Thursday, July 4, 2013

A ONCE CROWDED SKY

"...let the boy know that though some of us pass away, all of us, eventually fly."

I just finished reading A ONCE CROWDED SKY, the debut novel by Tom King. Mr. King served in the CIA as an operations officer in the Counterterrorism Center. Prior to working at the CIA, he interned at both Marvel and DC Comics. Mr. King knows something about heroes, both real and imagined. I am here to tell you that Mr. King can flat out write and ONCE CROWDED is, in my humble opinion, one of the best prose examinations of comic book superheroes I've ever read.

The text is supported by sturdy black and white illustrations by Tom Fowler liberally spaced throughout the book. Each chapter heading is the title and issue number of a comic book devoted to one of the many heroes in this story. For instance, the novel begins with ULTIMATE, THE MAN WITH THE METAL FACE #566. The setting is Arcadia City where Ultimate, the greatest superhero of them all, has just made the ultimate sacrifice. In order to stop the reality destroying menace of The Blue, Ultimate, using Star-Knight's power belt, has gathered all of the powers of all of the super-heroes unto himself and stepped into the abyss to stop the threat. He dies, the world is saved and all of the super powered men and women now find themselves ordinary people.

Except one. Pen Ultimate, the boy sidekick of Ultimate, chose not to surrender his powers in the moment of crisis and stayed home with his wife. Now, he's the only one left with super powers (some of Ultimate's superior robot technology was transplanted into him years ago). But the trouble is, according to the Prophetier, a super-hero who used to be able to see the future, "they all come back."

Another major player in this drama is the Soldier of Freedom, an ageless warrior who has fought in every American war of the 20th century armed only with his guts and twin automatics. Soldier, in a neat inversion of the Captain America trope, is deliberately put on ice at the end of every major conflict that's he called upon to fight in and thawed out to serve whenever his country needs him again.

Prophetier knows that Pen's story isn't over, that there's still a sacrifice to be made in order for the ongoing story to continue. That's because Prophetier is privy to the secret of The Blue, a well-spring of realities in which all of the heroes' lives, their team-ups, their adventures, their victories, their defeats, are displayed in vividly colorful comic book panels. The Prophetier knows that they are all living in a never ending story loop of life, death, redemption and resurrection. He wants that cycle to continue and Pen must play his part in this predetermined epic.

The trouble is, the Soldier doesn't want the story to continue. He's tired of all of the death and destruction. He wants the story to end, to quit playing "the game" as the heroes' refer to their adventures. Pen, Prophetier and Soldier collide head-on in a battle to keep the narrative going forever or to end it once and for all.

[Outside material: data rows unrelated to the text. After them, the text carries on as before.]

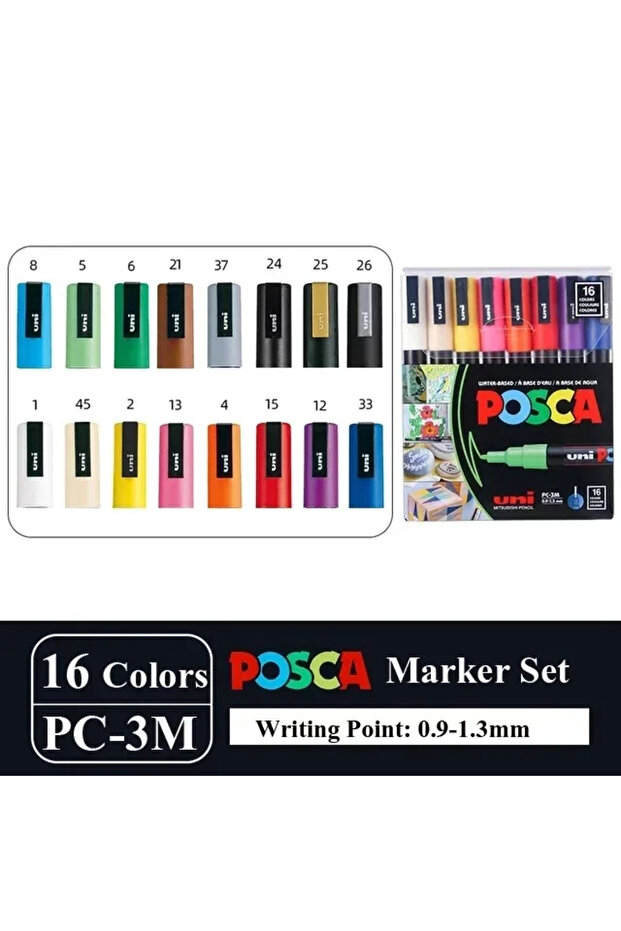 مجموعة أقلام تحديد UNI POSCA اليابانية PC-3M، 16 قطعة، رسم جرافيتي أكريليك دائم مقاوم للماء للأطفال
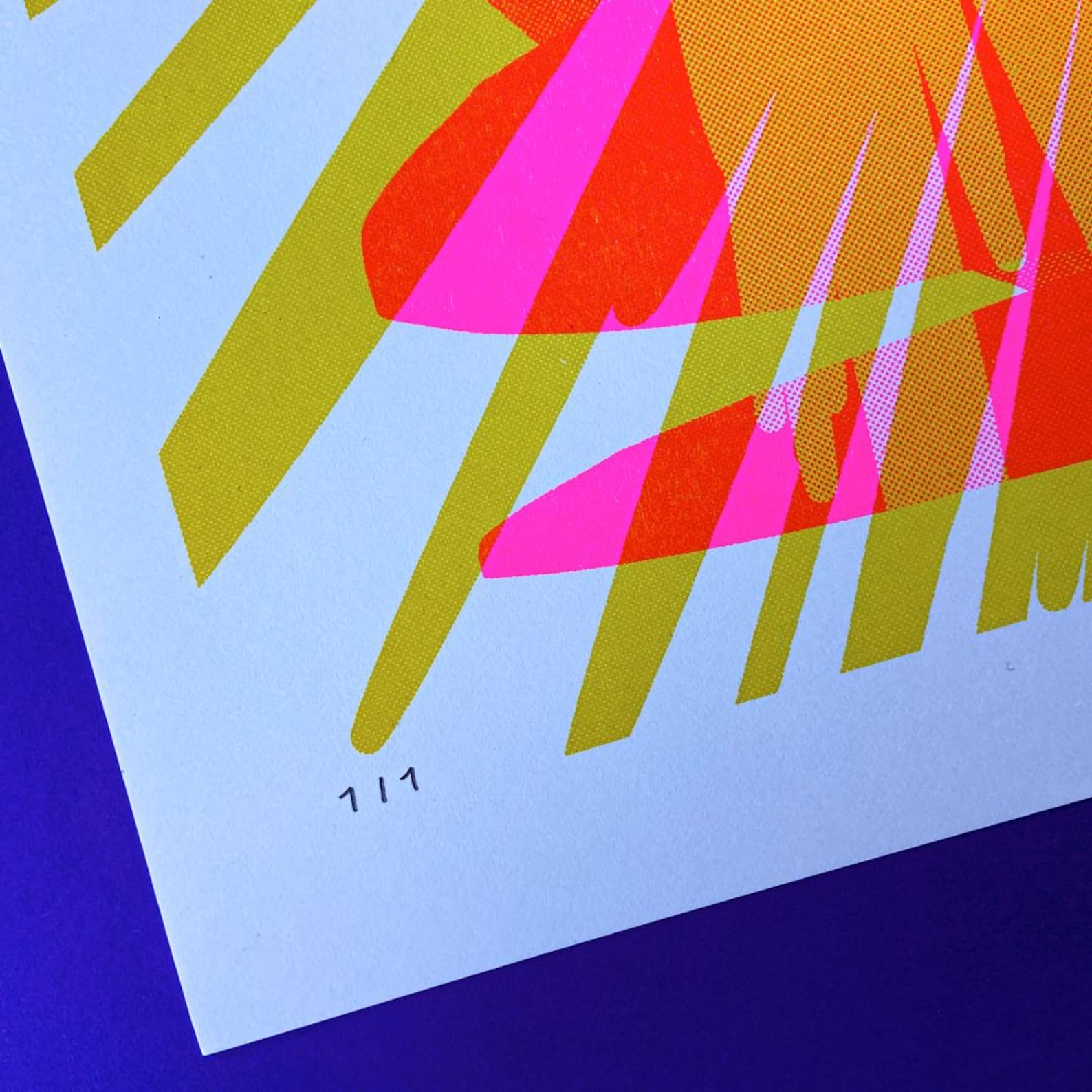 Abstract A3 risograph art print by PTRVRKD featuring vibrant layers of orange, pink, and yellow with bold, graphic explosion design – limited edition, handprinted in the Netherlands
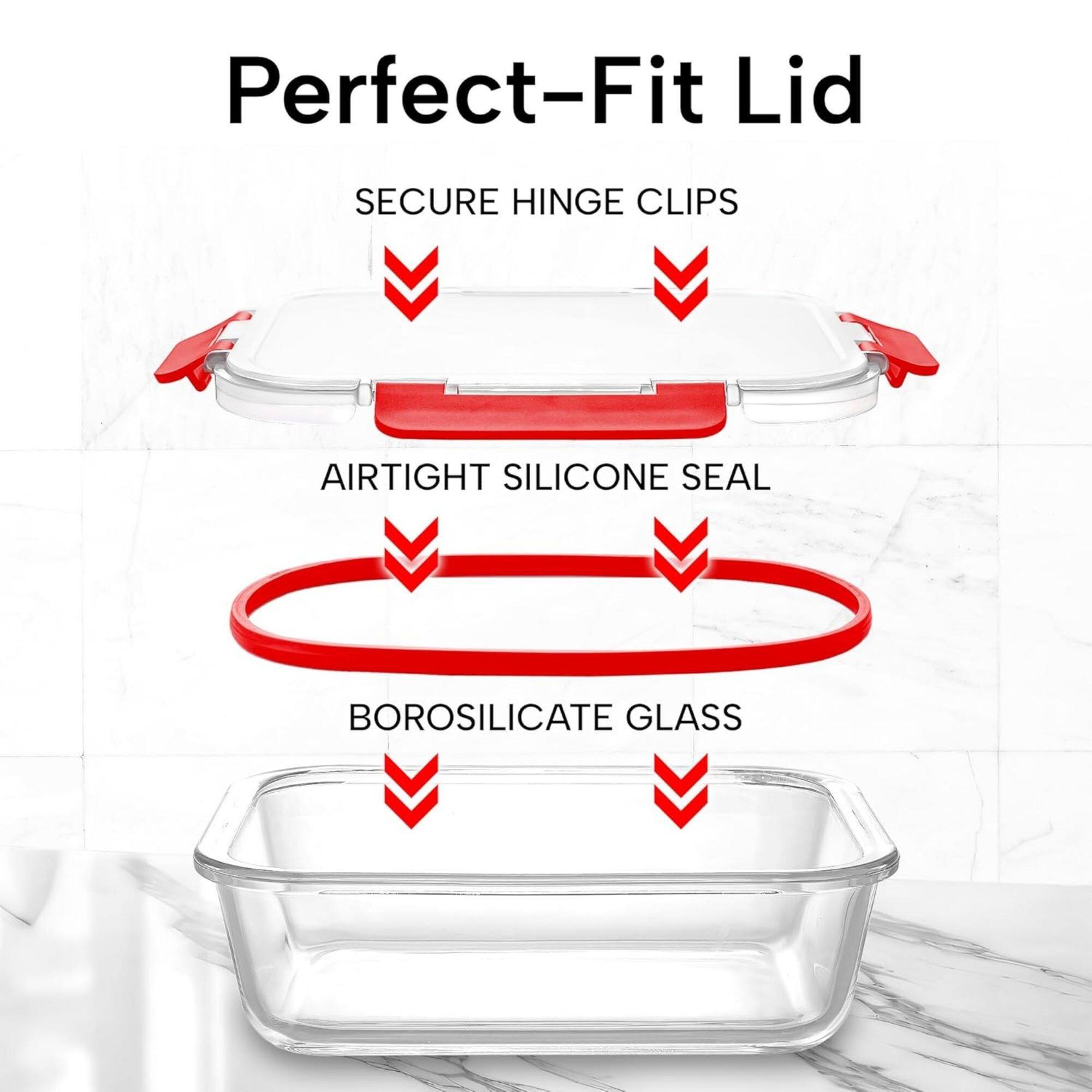 Perfect-Fit Lid
SECURE HINGE CLIPS
AIRTIGHT SILICONE SEAL
BOROSILICATE GLASS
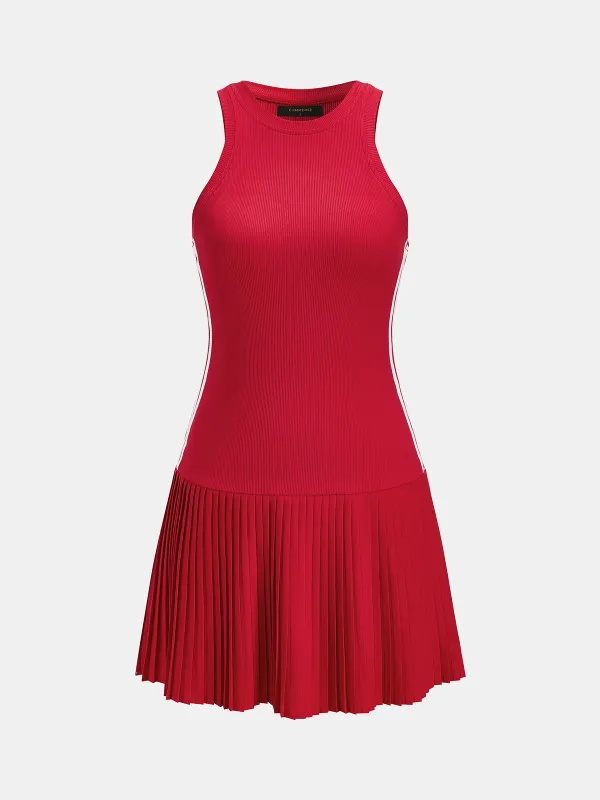 Striped Sleeveless Pleated Knit Dress made by COMMENSE
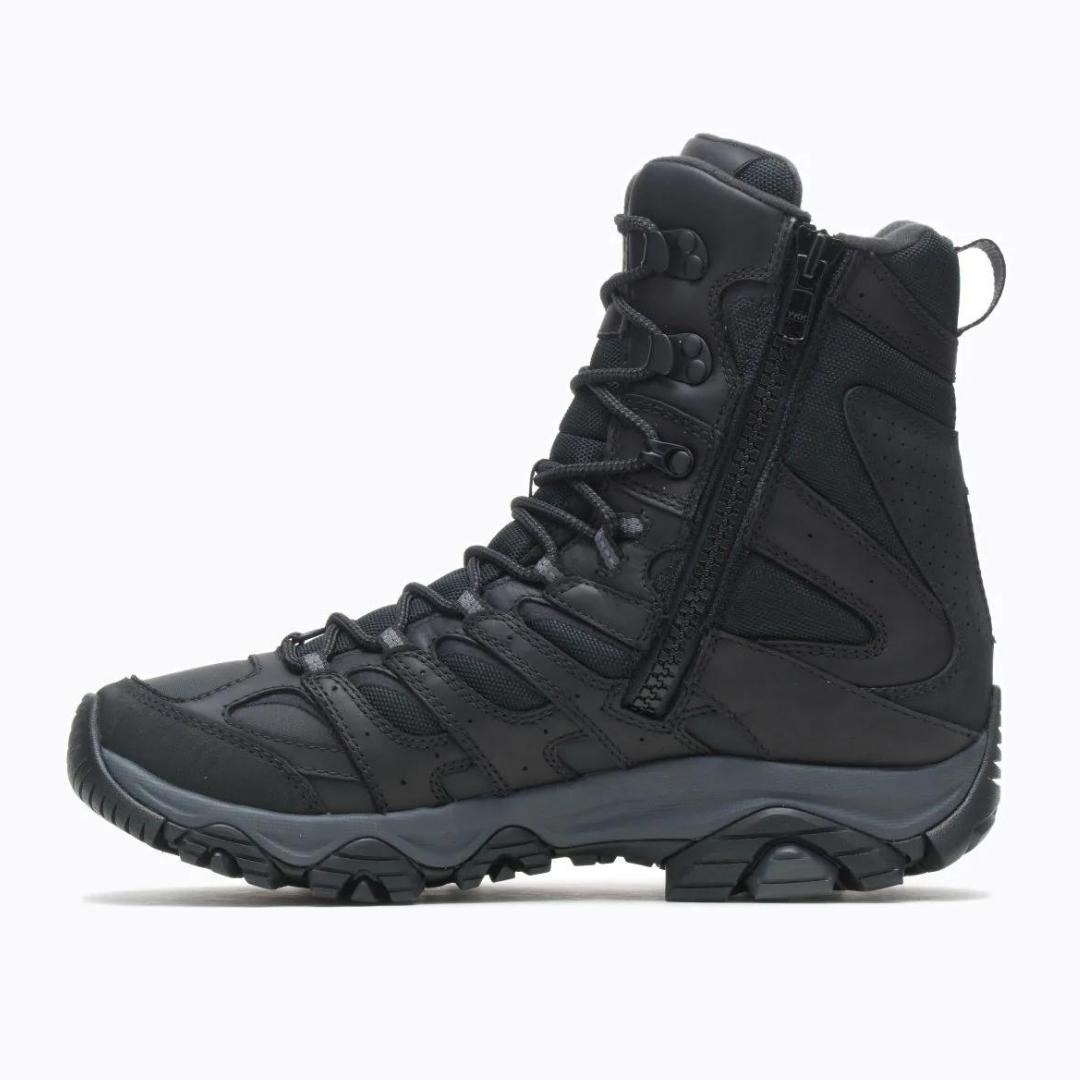 BOTTE D'HIVER MERRELL MOAB 3 THERMO XTREME WATERPROOF POUR HOMME COULEUR BLACK VUE DE PROFIL GAUCHE DE LA BOTTE DROITE AVEC FERMETURE ÉCLAIRE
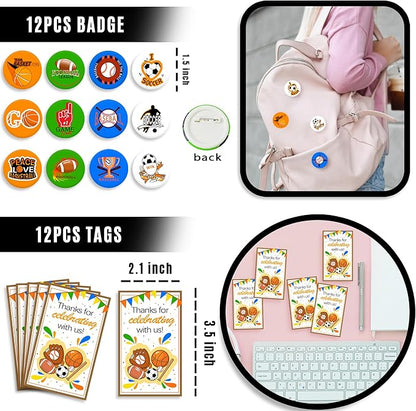 122 PCS Sports Party Favors Basketball Baseball Football Soccer Party Gift Thank You Tags Goodie Bags for Sports Club Party Favors Kid Birthday Party Baby Shower Sports Theme Party Supplies (Style 01)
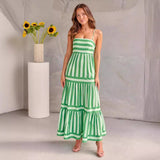 Sabrina - Maxikleid mit frischem Streifenmuster und eleganter Passform – Grün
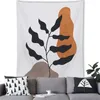Tapestries grossist akvarell Abstract Geometric Botanical Leaves Tapestry Wall Hang Home Decoration Art Art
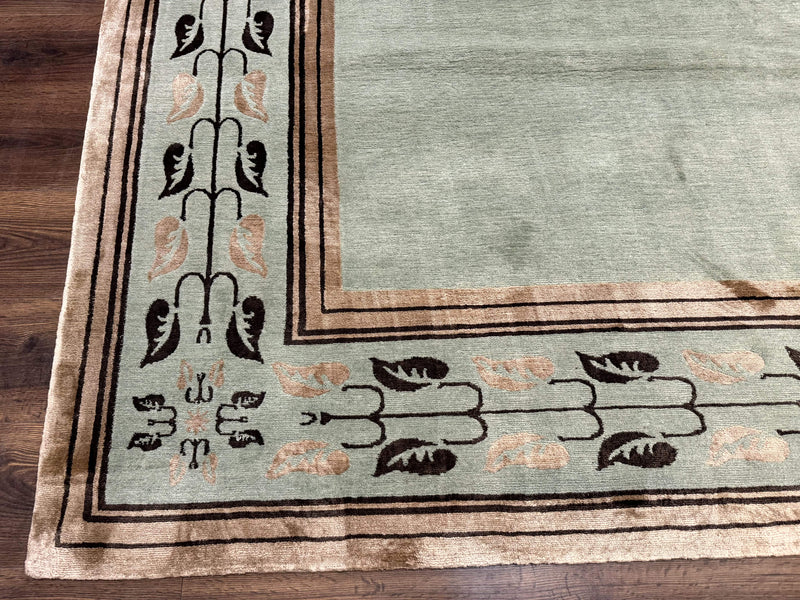 Palace Size Nepali Rug 9x18, Open Field, Light Mint Green, Wool Hand Knotted, Modern Contemporary by Jewel Rugs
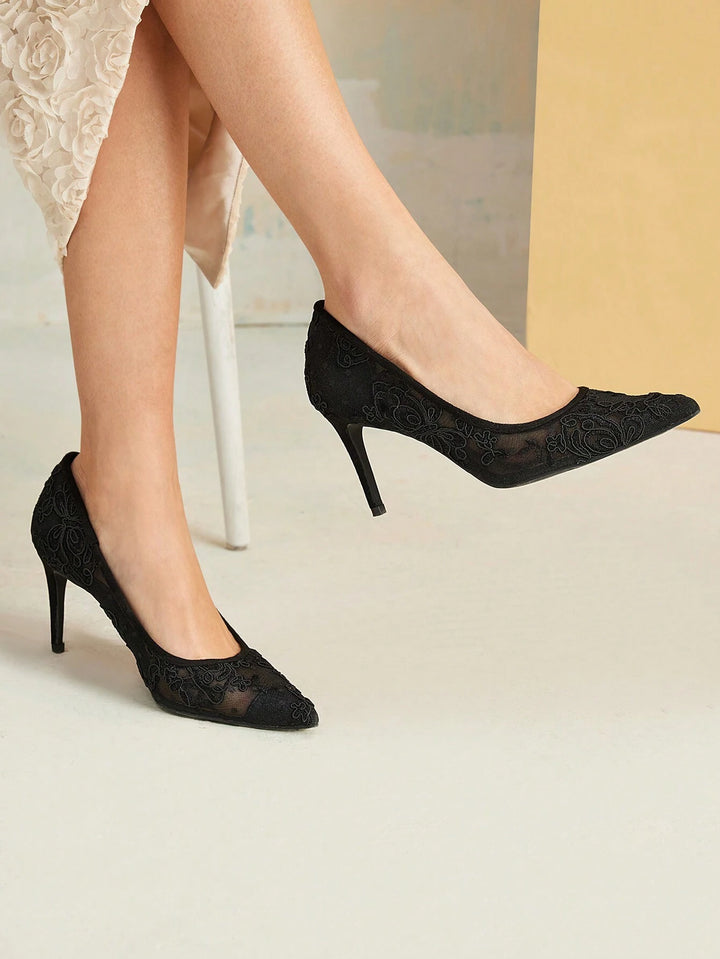Pantofi cu toc SHEIN, negru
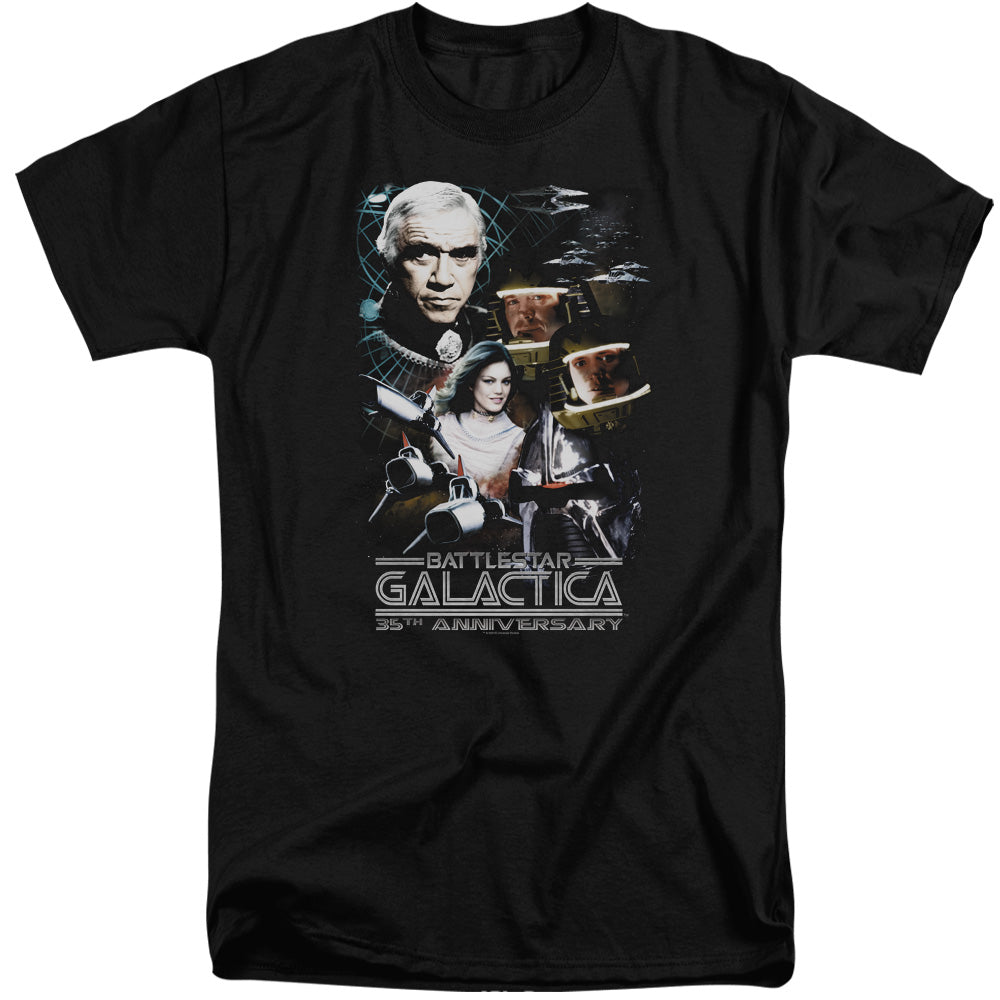 Battlestar Galactica 35th Anniversary Collage Mens Tall T Shirt Black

ONCE CROWDED is a gorgeously written meta-textual meditation on the need for heroic myths, for stories, for narratives of good vs. evil in all of our lives. There are plenty of well rendered action sequences but it's the characters inner-lives and their complex relationships to their fellow heroes that ring true. Heartbreakingly beautiful and lump-in-the-throat inducing at times, A ONCE CROWDED SKY fully gets why these silly stories of men and women in capes and tights ultimately matter so much to us.Thank you Mr. King for giving us a truly great book.